With the big blizzard recently came a lot of chatter about snow days and how to get creative with the white stuff. Well, in the 1970s, a few R-FH area kids took their creativity farther than most would be allowed to these days. And that chatter could have well been the chattering of teeth in the freezing weather.
In Fair Haven, decades ago, we kids never knew when we’d actually get a snow day. They seemed more sparse and we, well, we were grateful for one. Usually, when a snow day arrived, we were notified by an awakening signal — the fire horn atop the firehouse, that sounded like Charlie Brown’s teacher with some bad gas — that could be heard throughout town. I think it was a 3-2 blow on the horn that signaled “NO SCHOOL!”
We’d open our eyes at dawn, waiting with bated sleds, snow gear and frosty breath ’til the sound o’ joy sounded. Then there was screaming, a little dancing in the streets and plans hatched right quick for snow antics.
Some people got mighty creative and adventurous.
And, back in the day, there was actually enough newsroom staff for a photographer to wander about and catch some cool snow day creations and their school’s out creators.
On this one snow day roughly 40 years ago (Ouch!), these teens decided to make a bonafide, functional igloo.

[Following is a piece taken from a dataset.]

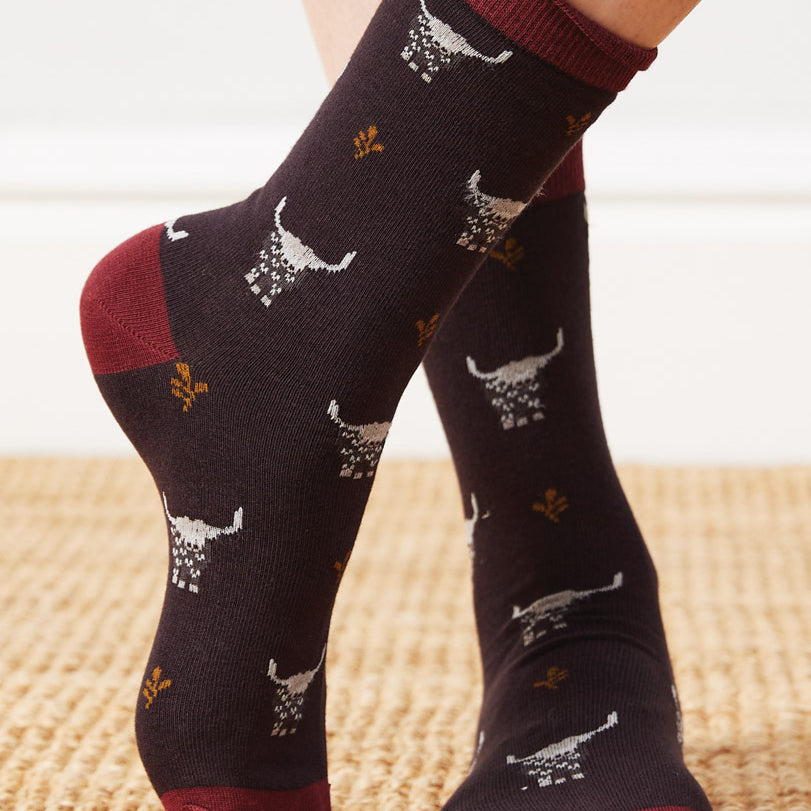 gots Organic Cotton Highland Cow Socks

These days, any such snow and ice hut may just be outlawed as a hazard or not quite up to new code, perhaps. But, there was nary a worry then about this hut to house wayward, not-so-abominable snow demons. This igloo, in fact, was quite the habitable creation. It housed four RFH teens overnight! Yup. I said overnight.
According to the guys and the photo caption from the Red Bank Register, Robert Neff, Peter Mauger, and Peter and Tom Gringas, slept in the 20-foot-in-diameter “icy retreat.” They laid down plastic on the floor and slept in sleeping bags.

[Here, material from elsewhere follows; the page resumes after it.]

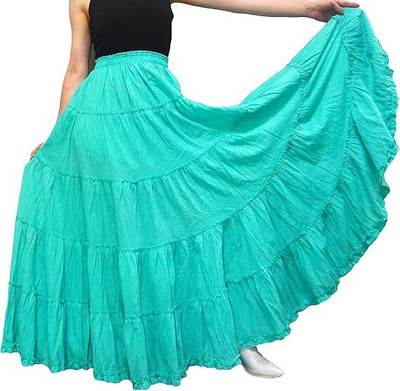 COMFY ATTIRE Self Design Women Flared Light Green Skirt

Now, if that isn’t a snow day to dream sweet cold dreams about …
So, the Retro Pic of the Day is that Register glimpse of those ol’ RFH dudes on a banner snow day on Park Road.
Good job, guys! This editor’s only snow adventure claim to fame was a brave, chilly go for “fashion” by sledding at Tower Hill in white pleather — OK, shiny plastic — go-go boots.
Ouch. Back to school was looking a lot better than my frostbitten toes after that painfully cute snow day maneuver. Nothing like fancying yourself to be Nancy Sinatra taking on the hill in those boots made for WALKING … not sledding.
Hey, it’s the warm thought that counts, right?
How did you sleep that night, guys? Anyone?